DATA TO EXAMINE.
■ ■ ■ ■

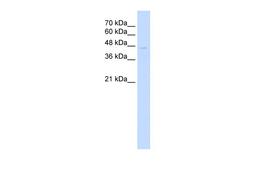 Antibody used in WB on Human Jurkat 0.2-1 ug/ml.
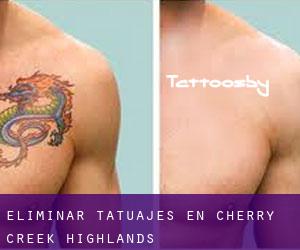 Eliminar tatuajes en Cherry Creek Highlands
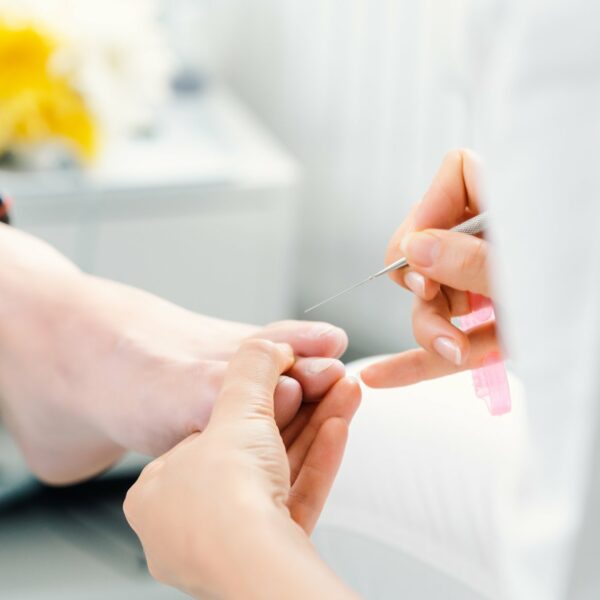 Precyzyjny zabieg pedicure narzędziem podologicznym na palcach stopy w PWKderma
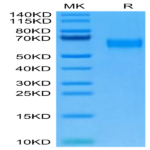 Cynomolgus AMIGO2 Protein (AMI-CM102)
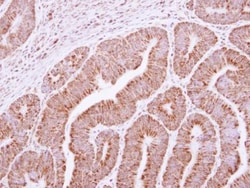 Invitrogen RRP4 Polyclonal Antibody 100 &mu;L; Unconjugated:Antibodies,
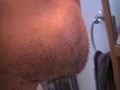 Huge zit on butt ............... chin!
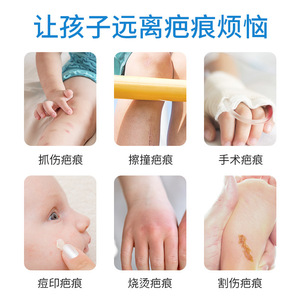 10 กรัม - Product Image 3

■ ■ ■ ■

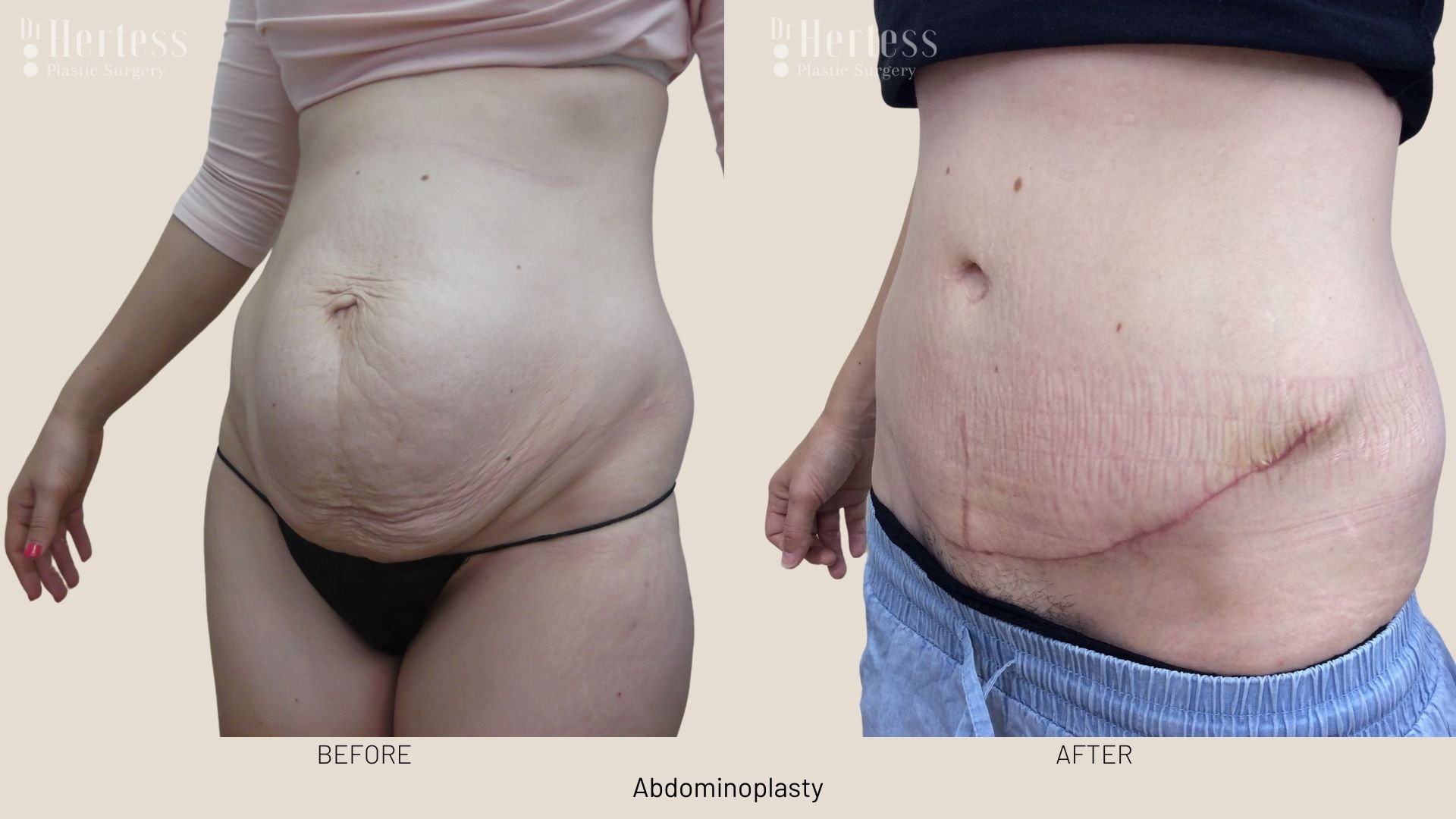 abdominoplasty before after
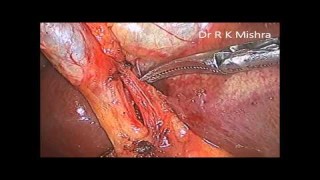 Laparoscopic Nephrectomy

■ ■ ■ ■

REQUIRED ACTION. Output should consist of the lines above from the one with "Precyzyjny zabieg pedicure" down to the one with "10 กรัม - Product Image 3", exact and without pictures.

WRITTEN RESPONSE.
 Precyzyjny zabieg pedicure narzędziem podologicznym na palcach stopy w PWKderma
 Cynomolgus AMIGO2 Protein (AMI-CM102)
 Invitrogen RRP4 Polyclonal Antibody 100 &mu;L; Unconjugated:Antibodies,
 Huge zit on butt ............... chin!
 10 กรัม - Product Image 3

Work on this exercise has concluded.